Equation of the Right Bisector of a Line

Let $$A\left( {{x_1},{y_1}} \right)$$ and $$B\left( {{x_2},{y_2}} \right)$$ be the ends of a segment, then the slope $${m_1}$$ of the line joining $$A$$ and $$B$$ is
\[{m_1} = \frac{{{y_2} – {y_1}}}{{{x_2} – {x_1}}}\]

The midpoint of the segment $$AB$$ can be found as \[C\left( {\frac{{{x_1} + {x_2}}}{2},\frac{{{y_1} + {y_2}}}{2}} \right)\]

The slope $$m$$ of any line perpendicular to the segment $$AB$$ is
\[m = – \frac{1}{{{m_1}}} = – \frac{{{x_2} – {x_1}}}{{{y_2} – {y_1}}}\]

The equation of the perpendicular bisector of the segment$$AB$$ being the equation of a line through $$C$$ and perpendicular to $$AB$$ using the slope-point form is
\[y – \frac{{{y_1} + {y_2}}}{2} = – \frac{{{x_2} – {x_1}}}{{{y_2} – {y_1}}}\left( {x – \frac{{{x_1} + {x_2}}}{2}} \right)\]

 

Example: Find the equation of the perpendicular bisector of $$A\left( {1,2} \right)$$ and $$B\left( {5, – 1} \right)$$.

The equation of the perpendicular bisector of $$AB$$ is
\[y – \frac{{{y_1} + {y_2}}}{2} = – \frac{{{x_2} – {x_1}}}{{{y_2} – {y_1}}}\left( {x – \frac{{{x_1} + {x_2}}}{2}} \right)\]

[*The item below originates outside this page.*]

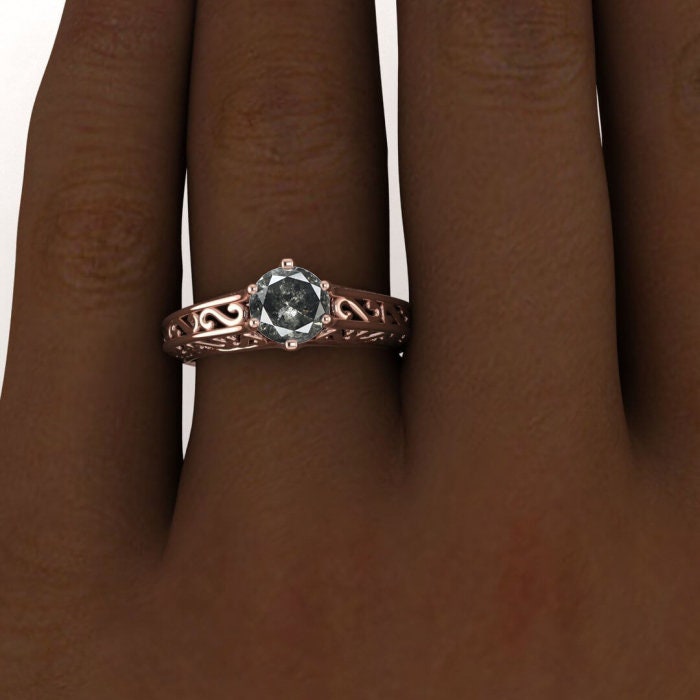 Raw Salt And Pepper Diamond Ring Rose Gold Unique Solitaire Ring Filigree Shank, Open Gallery, Six Prong,Engagement Ring,Unique Design, Roux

Putting all these values in the equation, we have
\[\begin{gathered} y – \frac{{2 – 1}}{2} = – \frac{{5 – 1}}{{ – 1 – 2}}\left( {x – \frac{{1 + 5}}{2}} \right) \\ \Rightarrow y – \frac{1}{2} = \frac{4}{3}\left( {x – 3} \right) \\ \Rightarrow 8x – 6y – 21 = 0 \\ \end{gathered} \]